------ Recorded information ------
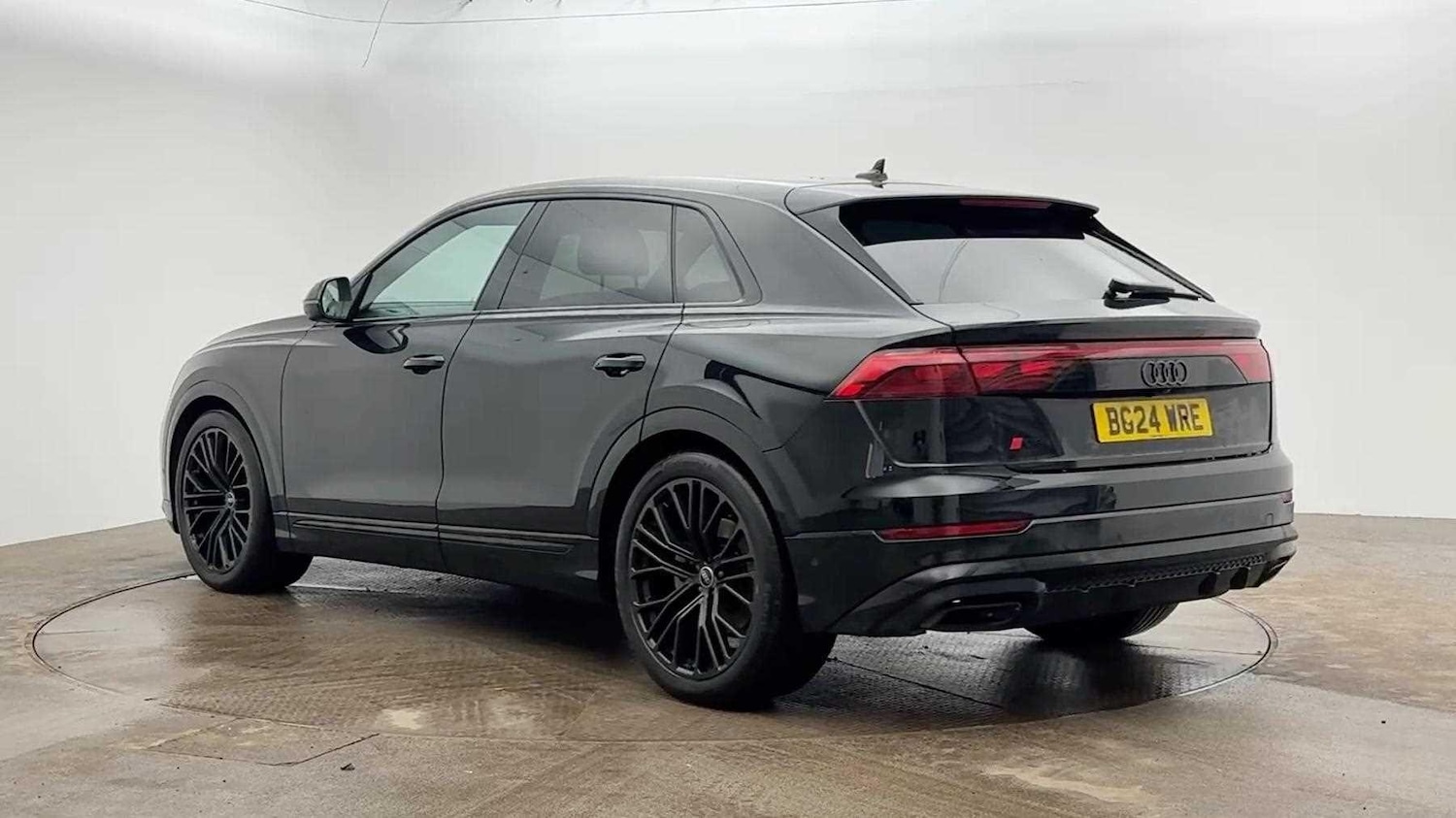 Used Audi Q8 2024 for sale - 77421567: Photo 2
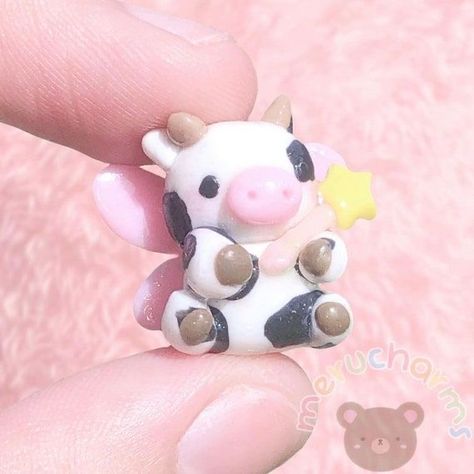 Magical Clay Art, Clay Crafts Cow, Cute Aesthetic Clay Ideas, Clay Birthday Ideas, Cow Clay Art, Diy Clay Ideas Aesthetic, Cute Polymer Clay Figures, Cute Things Made Out Of Clay, Small Clay Creations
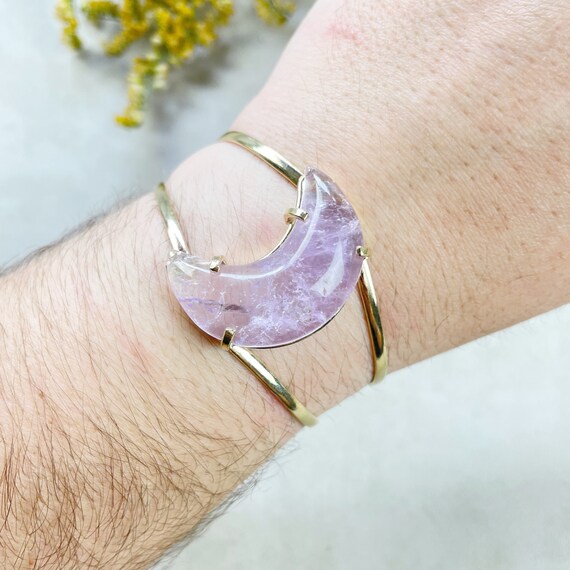 Gold Amethyst Moon Arc Cuff Bracelet (EPJ-BCCA18-AM-1)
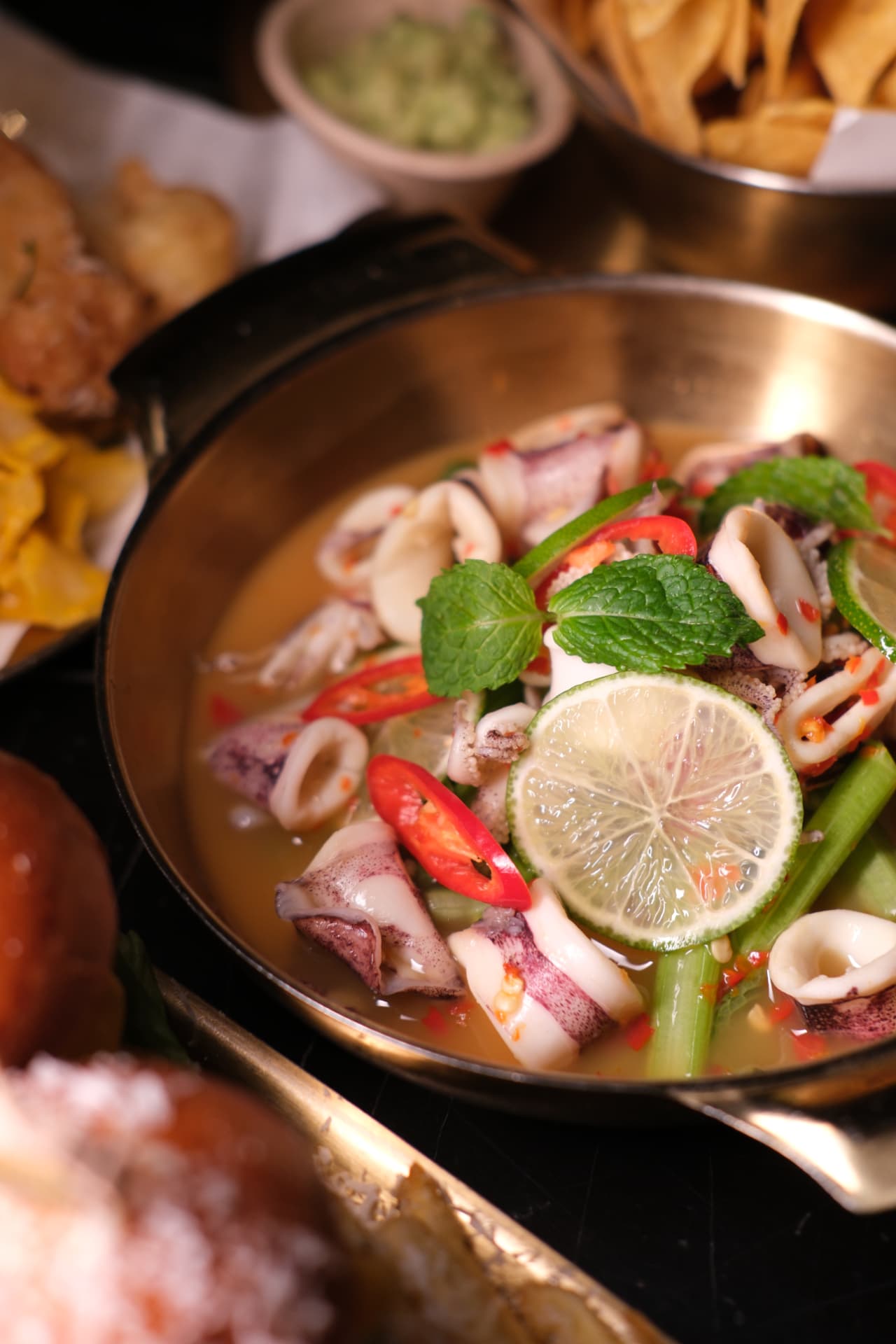 KZ Shanghai 的海鲜料理，配青柠、辣椒与新鲜香草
------
Please reproduce the data above word for word, skipping all images.

Exercise answer:
 Used Audi Q8 2024 for sale - 77421567: Photo 2
 Magical Clay Art, Clay Crafts Cow, Cute Aesthetic Clay Ideas, Clay Birthday Ideas, Cow Clay Art, Diy Clay Ideas Aesthetic, Cute Polymer Clay Figures, Cute Things Made Out Of Clay, Small Clay Creations
 Gold Amethyst Moon Arc Cuff Bracelet (EPJ-BCCA18-AM-1)
 KZ Shanghai 的海鲜料理，配青柠、辣椒与新鲜香草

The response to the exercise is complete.